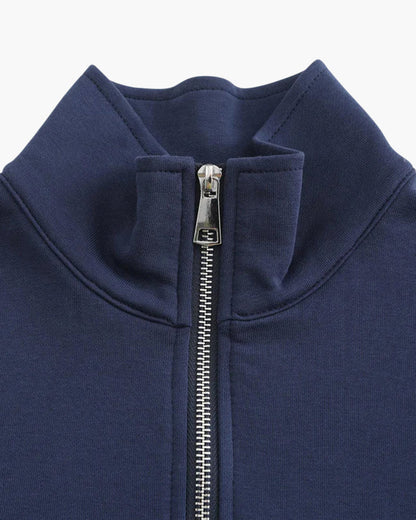 Miami Cotton Zip Up - Dalm Fashion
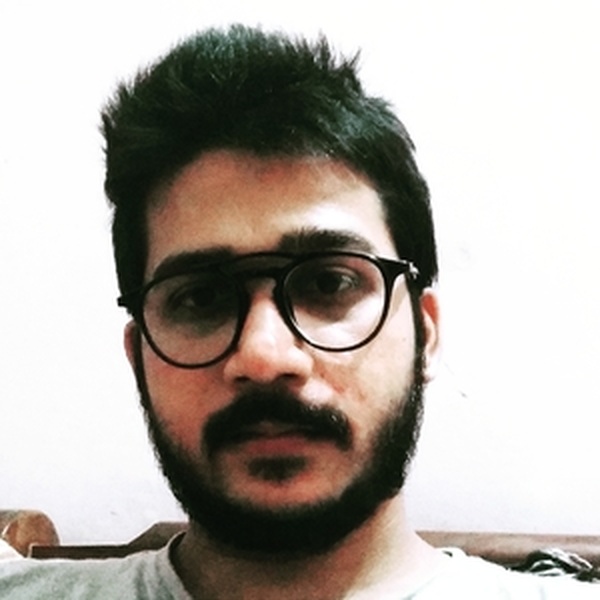 Divyank - Geography tutor - Kanpur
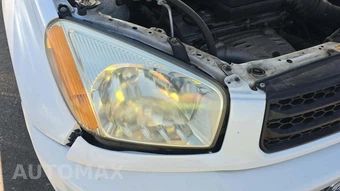 2003 Toyota RAV4 – miniatura 36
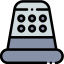 Thimble 图标 64x64
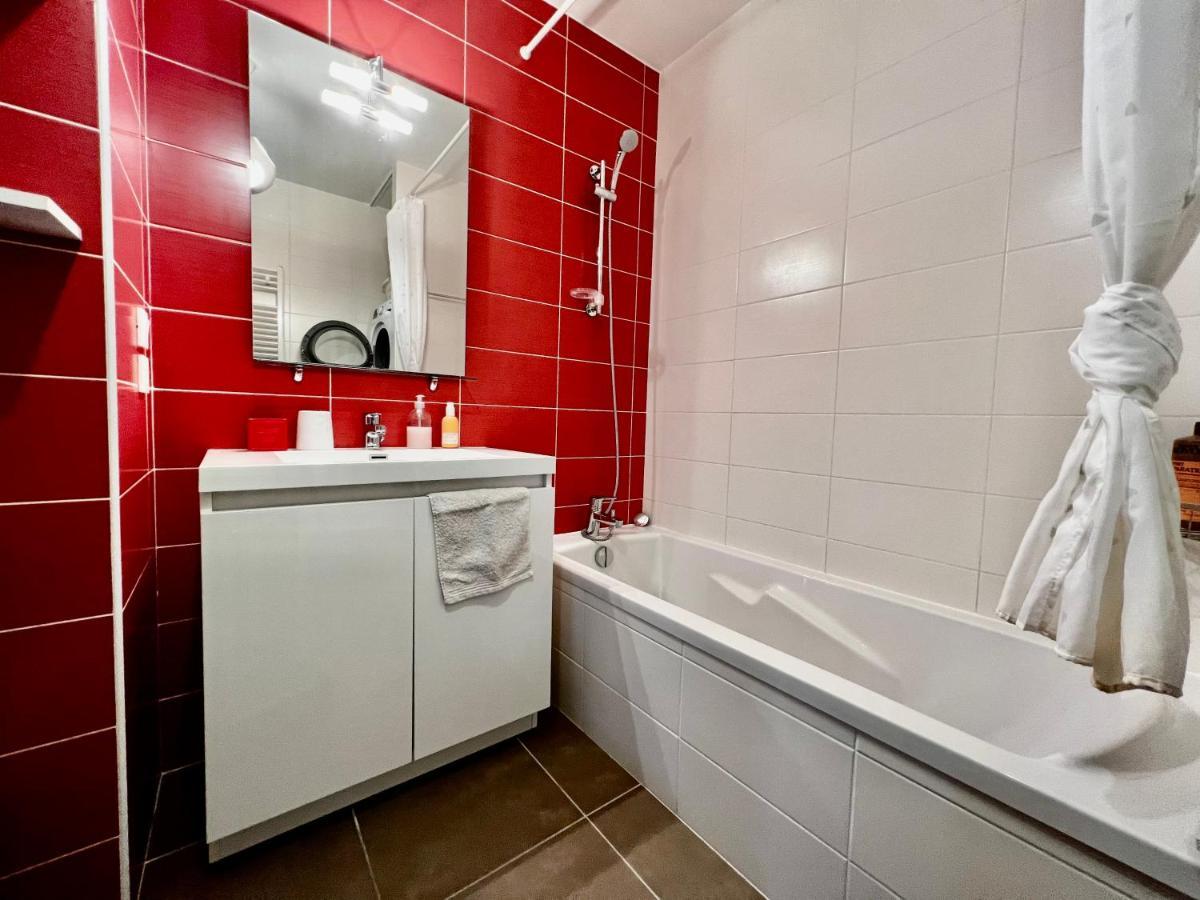 Superbe Appartement Cosy آنسي المظهر الخارجي الصورة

Task instructions => Restate word for word the lines from the one containing "Thimble 图标 64x64" through the end of the material above, both included, and nothing besides; drop the pictures.

Output for this task =>
 Thimble 图标 64x64
 Superbe Appartement Cosy آنسي المظهر الخارجي الصورة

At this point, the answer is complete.